An architectural and gender perspective on Fuenlabrada

An architectural and gender perspective on Fuenlabrada An architectural and gender perspective on Fuenlabrada

This project carried out by the 'Matrices' team of the Emergent Research Group'Pent(ha' seeks to give a new vision processes, architectural and urban in the city ofsouth of Madrid.

David Viera/Drafting

The gender perspective, in the words of UNICEF, is based on “questioning stereotypes and developing new content that allows us to influence the collective imagination of a society in the service of equality and equity.” In architecture, it is considered an opportunity to reflect on how spatial distribution, both in the domestic and urban spheres, influences its own factors such as emotional and affective well-being. 

The Matrices team, from the URJC, through the Call for grants to carry out feminist research in 2023 resolved by the Women's Institute of the Ministry of Equality He has launched ethe project VIVIDA - From housing to the city: analysis and feminist proposal in Fuenlabrada.

This project was born from the need to highlight the need to integrate interventions with a gender perspective in architectural and urban processes and promote sustainable urban development, in addition to being aligned with different Sustainable Development Goals.  

The research is divided into 5 parts: theoretical research, information collection, design strategy, results and conclusions and, finally, dissemination and prospective.

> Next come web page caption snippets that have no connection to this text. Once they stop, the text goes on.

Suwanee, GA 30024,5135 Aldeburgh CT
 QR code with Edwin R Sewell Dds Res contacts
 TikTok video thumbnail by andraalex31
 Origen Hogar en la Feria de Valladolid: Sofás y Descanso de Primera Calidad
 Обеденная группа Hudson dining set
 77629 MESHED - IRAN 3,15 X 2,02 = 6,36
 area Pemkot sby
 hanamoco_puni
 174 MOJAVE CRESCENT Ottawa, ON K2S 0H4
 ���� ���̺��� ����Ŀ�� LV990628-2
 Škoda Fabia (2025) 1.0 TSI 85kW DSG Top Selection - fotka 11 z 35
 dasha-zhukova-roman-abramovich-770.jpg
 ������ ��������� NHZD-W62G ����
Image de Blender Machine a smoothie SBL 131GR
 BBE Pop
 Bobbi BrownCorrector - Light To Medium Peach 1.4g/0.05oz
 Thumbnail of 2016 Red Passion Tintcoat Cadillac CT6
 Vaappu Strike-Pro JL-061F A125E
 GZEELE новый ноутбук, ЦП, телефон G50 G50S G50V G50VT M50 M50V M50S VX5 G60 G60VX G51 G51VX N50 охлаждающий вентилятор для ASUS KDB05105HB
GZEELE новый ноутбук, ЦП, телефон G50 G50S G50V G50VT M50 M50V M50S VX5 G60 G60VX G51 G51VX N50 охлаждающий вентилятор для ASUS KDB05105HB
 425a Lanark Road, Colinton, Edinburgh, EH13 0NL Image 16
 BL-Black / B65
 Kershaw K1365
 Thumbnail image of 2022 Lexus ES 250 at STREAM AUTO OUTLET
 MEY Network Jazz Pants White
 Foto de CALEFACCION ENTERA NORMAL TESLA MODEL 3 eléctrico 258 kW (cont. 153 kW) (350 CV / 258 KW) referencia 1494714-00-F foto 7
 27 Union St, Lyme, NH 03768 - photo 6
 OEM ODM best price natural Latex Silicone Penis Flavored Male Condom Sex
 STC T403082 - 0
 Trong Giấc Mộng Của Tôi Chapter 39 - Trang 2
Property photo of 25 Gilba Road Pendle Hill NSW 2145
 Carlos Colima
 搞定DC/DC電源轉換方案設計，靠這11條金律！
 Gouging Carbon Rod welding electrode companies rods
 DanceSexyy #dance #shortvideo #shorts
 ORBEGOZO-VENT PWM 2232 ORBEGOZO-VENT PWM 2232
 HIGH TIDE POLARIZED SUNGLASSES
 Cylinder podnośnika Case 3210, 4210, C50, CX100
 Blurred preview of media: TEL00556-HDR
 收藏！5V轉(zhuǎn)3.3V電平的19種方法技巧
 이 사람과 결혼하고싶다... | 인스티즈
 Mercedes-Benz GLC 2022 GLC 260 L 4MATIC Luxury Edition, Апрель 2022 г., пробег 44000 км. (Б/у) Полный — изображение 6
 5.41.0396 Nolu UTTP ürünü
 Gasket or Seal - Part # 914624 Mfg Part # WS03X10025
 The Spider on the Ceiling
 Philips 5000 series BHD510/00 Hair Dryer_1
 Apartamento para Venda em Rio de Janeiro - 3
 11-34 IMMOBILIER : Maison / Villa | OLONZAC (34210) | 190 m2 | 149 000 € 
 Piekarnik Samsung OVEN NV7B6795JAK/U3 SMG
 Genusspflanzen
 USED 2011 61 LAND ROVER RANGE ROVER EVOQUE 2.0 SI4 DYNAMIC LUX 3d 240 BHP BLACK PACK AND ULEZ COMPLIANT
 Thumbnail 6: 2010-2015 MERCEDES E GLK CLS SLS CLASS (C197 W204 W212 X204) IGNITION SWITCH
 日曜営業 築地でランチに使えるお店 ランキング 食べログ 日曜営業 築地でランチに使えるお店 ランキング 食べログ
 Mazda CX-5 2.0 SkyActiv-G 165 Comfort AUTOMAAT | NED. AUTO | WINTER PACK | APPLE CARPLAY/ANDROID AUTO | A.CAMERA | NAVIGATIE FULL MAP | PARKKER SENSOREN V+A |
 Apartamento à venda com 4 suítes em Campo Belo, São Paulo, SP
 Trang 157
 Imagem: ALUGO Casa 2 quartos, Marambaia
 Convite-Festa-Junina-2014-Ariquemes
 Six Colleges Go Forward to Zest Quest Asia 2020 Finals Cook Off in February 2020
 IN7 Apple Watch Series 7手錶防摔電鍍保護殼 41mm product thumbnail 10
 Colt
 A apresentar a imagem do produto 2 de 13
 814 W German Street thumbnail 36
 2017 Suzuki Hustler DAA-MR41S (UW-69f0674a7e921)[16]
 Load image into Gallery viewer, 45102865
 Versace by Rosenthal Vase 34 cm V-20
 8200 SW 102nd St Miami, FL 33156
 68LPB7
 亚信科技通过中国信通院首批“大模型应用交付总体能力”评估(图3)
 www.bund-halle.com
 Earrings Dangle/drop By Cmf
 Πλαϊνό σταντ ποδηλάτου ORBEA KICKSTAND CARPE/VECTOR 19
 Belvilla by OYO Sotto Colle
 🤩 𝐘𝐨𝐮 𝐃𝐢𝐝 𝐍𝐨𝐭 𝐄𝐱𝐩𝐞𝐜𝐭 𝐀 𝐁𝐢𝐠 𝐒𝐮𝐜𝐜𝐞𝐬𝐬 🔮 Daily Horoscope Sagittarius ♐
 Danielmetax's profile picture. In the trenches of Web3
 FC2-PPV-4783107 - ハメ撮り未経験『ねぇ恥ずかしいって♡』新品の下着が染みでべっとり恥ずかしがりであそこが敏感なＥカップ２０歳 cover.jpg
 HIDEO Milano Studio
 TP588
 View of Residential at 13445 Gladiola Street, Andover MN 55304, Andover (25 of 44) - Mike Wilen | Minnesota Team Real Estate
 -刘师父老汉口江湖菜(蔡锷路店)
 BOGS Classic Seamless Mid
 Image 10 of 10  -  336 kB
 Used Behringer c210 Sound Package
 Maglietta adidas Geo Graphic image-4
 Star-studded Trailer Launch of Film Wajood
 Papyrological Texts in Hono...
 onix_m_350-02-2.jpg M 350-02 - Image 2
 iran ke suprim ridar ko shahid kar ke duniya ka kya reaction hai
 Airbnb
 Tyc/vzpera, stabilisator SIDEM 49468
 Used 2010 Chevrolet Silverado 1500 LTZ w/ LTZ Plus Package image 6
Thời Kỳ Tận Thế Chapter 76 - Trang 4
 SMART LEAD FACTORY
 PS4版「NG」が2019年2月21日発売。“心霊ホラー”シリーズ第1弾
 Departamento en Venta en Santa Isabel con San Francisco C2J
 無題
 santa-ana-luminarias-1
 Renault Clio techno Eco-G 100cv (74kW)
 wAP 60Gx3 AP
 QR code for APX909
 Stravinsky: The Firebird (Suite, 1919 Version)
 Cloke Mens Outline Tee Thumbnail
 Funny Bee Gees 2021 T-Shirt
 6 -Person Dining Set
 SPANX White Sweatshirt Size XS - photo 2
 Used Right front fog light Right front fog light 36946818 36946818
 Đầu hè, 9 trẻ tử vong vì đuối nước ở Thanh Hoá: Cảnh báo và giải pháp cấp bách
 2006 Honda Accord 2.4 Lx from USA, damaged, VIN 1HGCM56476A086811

The sample selected for the initiative are the homes, intermediate space and urban environment of three neighborhoods of Fuenlabrada: El Naranjo, La Avanzada and El Molino, between the years 1970 and 1985. 

The research is being led by Irene Ros, professor of Fundamentals of Architecture at the URJC. “The general objective of VIVIDA is to originate a proposal for action, at the local level and replicable at the national level, in which the gender perspective is included to design egalitarian, inclusive and accessible spaces in the homes, intermediate spaces and urban planning of the municipality” comments Irene Ros, who has taken the opportunity to declare that “achieving gender equality is crucial to meeting the needs of all inhabitants of different ages, with different family configurations, employment patterns, socioeconomic status and care burdens; and to accelerate the European transition towards a more prepared and resilient community,” they say from the project organization. 

“This initiative has the participation of a group of professors from the Fundamentals of Architecture Degree from all areas,” explains Irene Ros. Expert teachers from other universities such as the Polytechnic University of Madrid, Degli Studi University of Florence and the University of the Republic (Fadu-UdelaR) of Uruguay also participate.